### Assigned task
Every line below needs to be transcribed without alteration, and no image may be carried over.

### Records to process
————

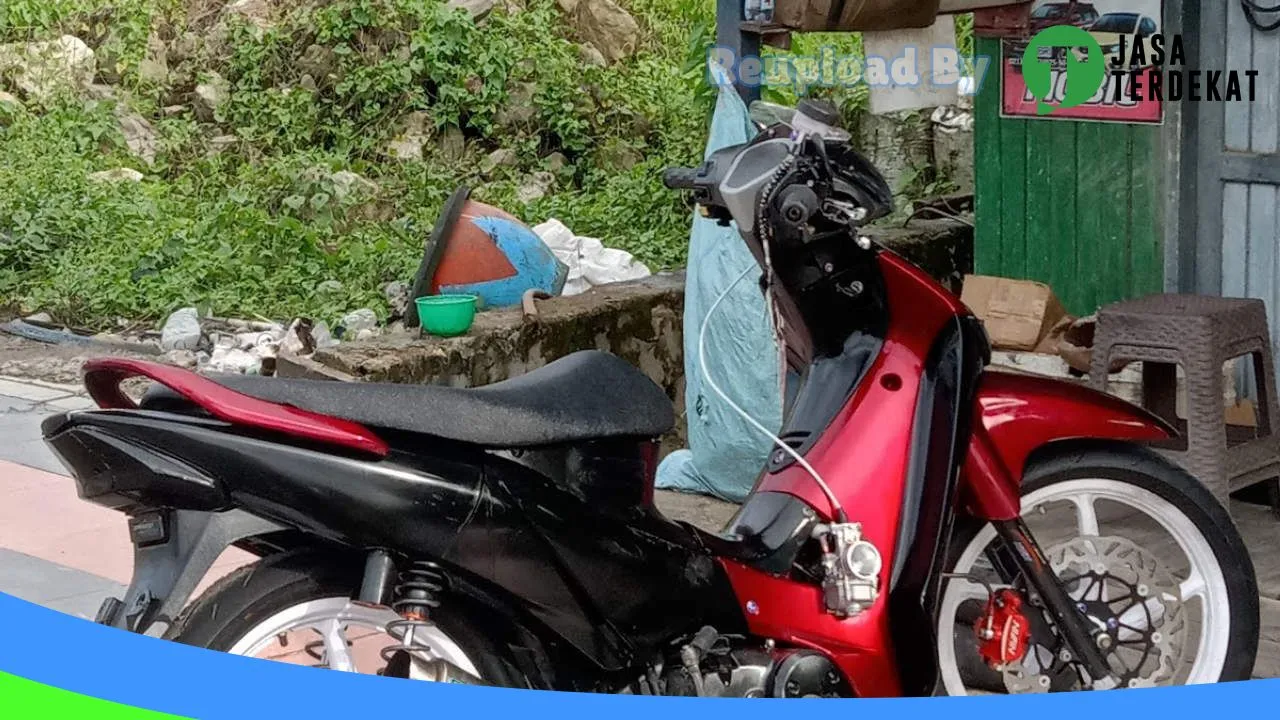 Gambar BERAU VARIASI MOTOR MOBIL di Berau, Kalimantan Timur ke 5
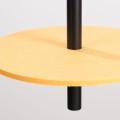 LAMPAMI - lampa wisząca pojedyncza, nowoczesna lampa do kuchni, lampa nad stół, lampa sufitowa do salonu, modna lampa do salonu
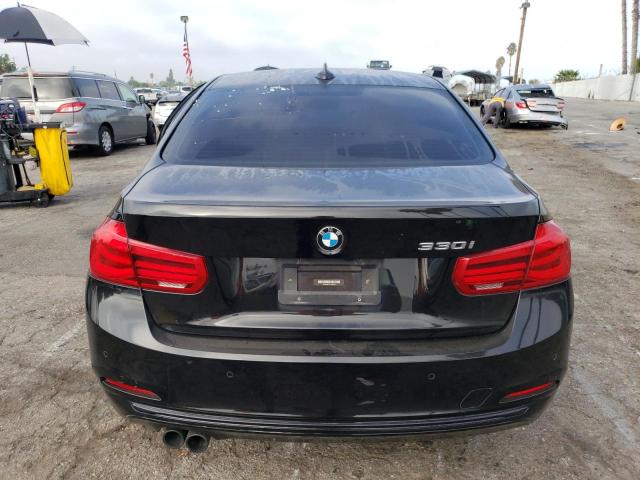 WBA8B9C51HK884522 - 2017 BMW 330 I BLACK photo 6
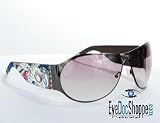 Ed Hardy Sunglasses EFS 011 - Ed Hardy Sunglasses EHS 011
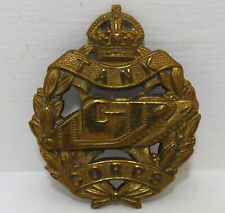 tank corps badge for sale  CARTERTON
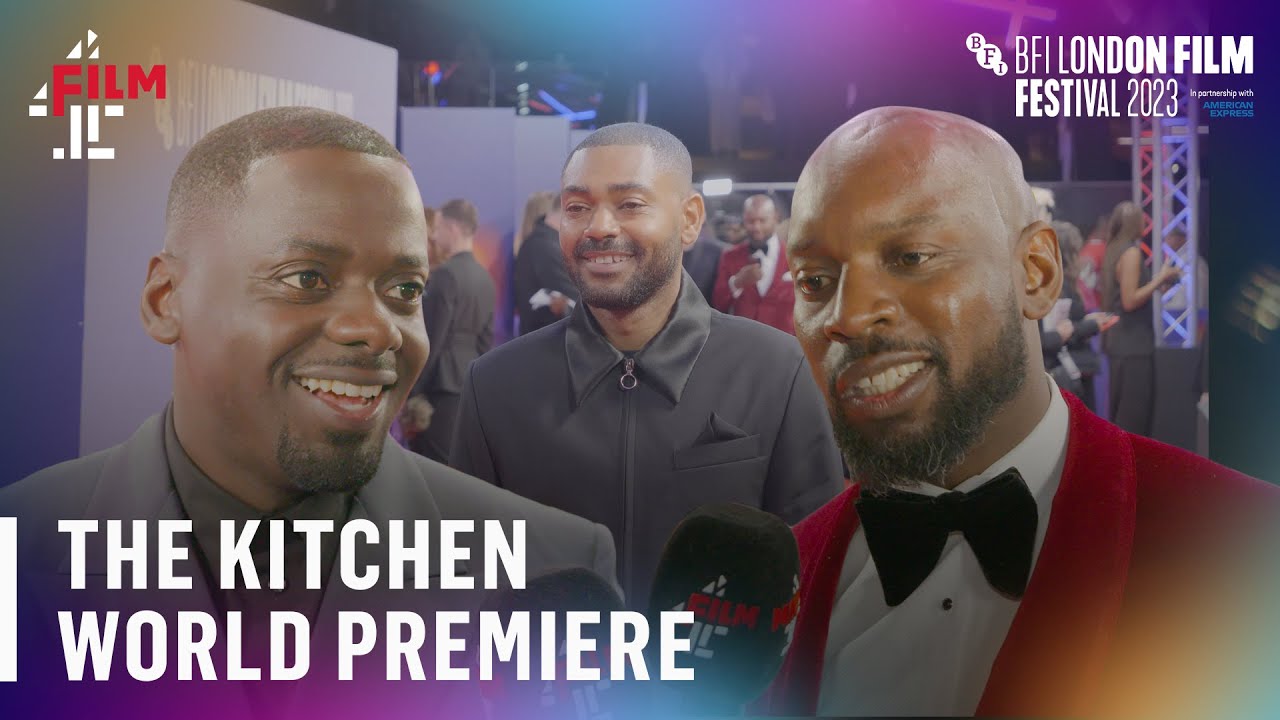 Watch film The Kitchen | The Kitchen World Premiere at London Film Festival | Film4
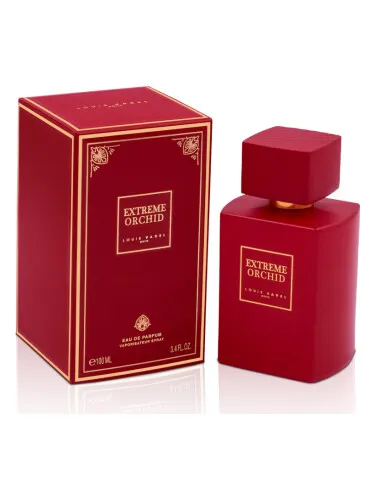 Perfume Extreme Orchid de Louis Varel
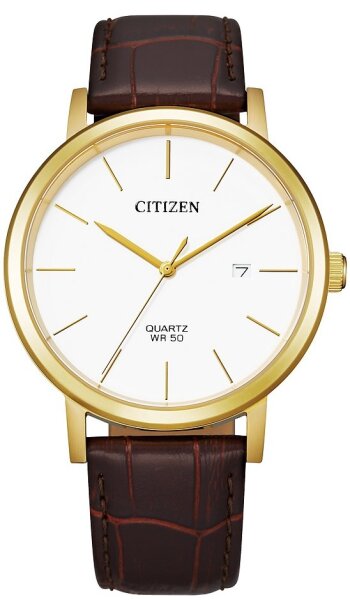 Citizen Quartz Herrenuhr BI5072-01A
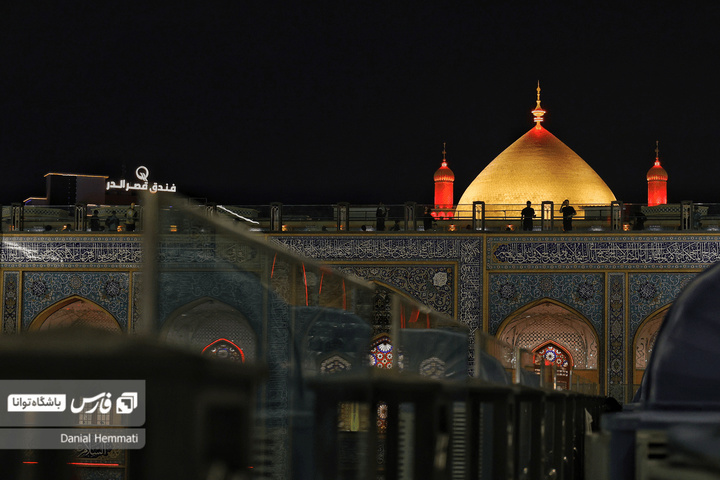 زیارتِ خانه پدری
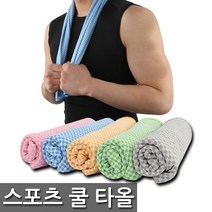 뷰티킹클럽 PVC 고급형 스포츠타올 BKS-100, 핑크
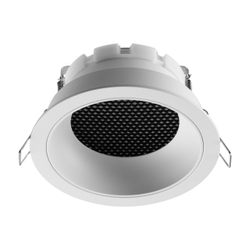 371003 WIR NT25 000 белый Светильник встраиваемый IP20 GX53 12W 220-240V GEMINI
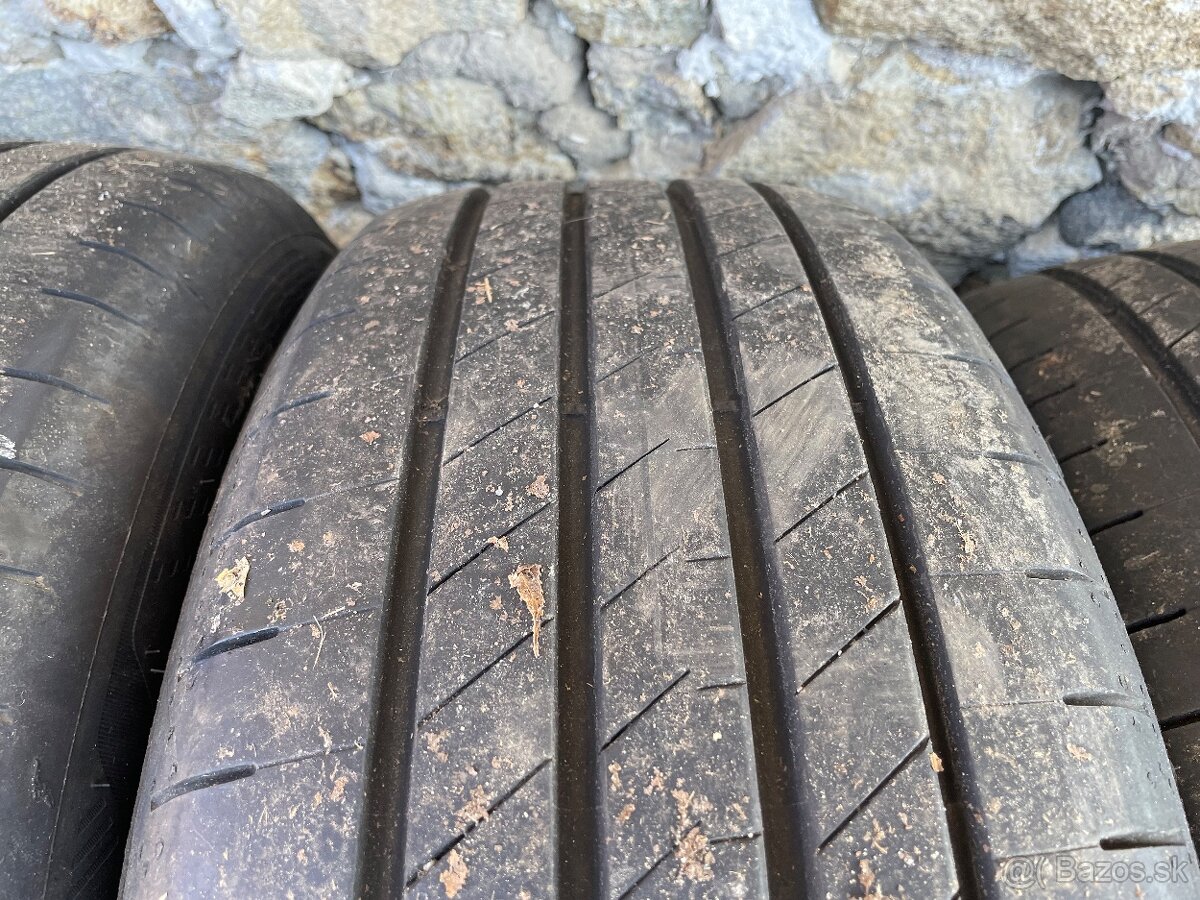 Alu disky VW 18” + pneu - 10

————

### Solution to this problem
 Gambar BERAU VARIASI MOTOR MOBIL di Berau, Kalimantan Timur ke 5
 LAMPAMI - lampa wisząca pojedyncza, nowoczesna lampa do kuchni, lampa nad stół, lampa sufitowa do salonu, modna lampa do salonu
 WBA8B9C51HK884522 - 2017 BMW 330 I BLACK photo 6
 Ed Hardy Sunglasses EFS 011 - Ed Hardy Sunglasses EHS 011
 tank corps badge for sale  CARTERTON
 Watch film The Kitchen | The Kitchen World Premiere at London Film Festival | Film4
 Perfume Extreme Orchid de Louis Varel
 Citizen Quartz Herrenuhr BI5072-01A
 زیارتِ خانه پدری
 뷰티킹클럽 PVC 고급형 스포츠타올 BKS-100, 핑크
 371003 WIR NT25 000 белый Светильник встраиваемый IP20 GX53 12W 220-240V GEMINI
 Alu disky VW 18” + pneu - 10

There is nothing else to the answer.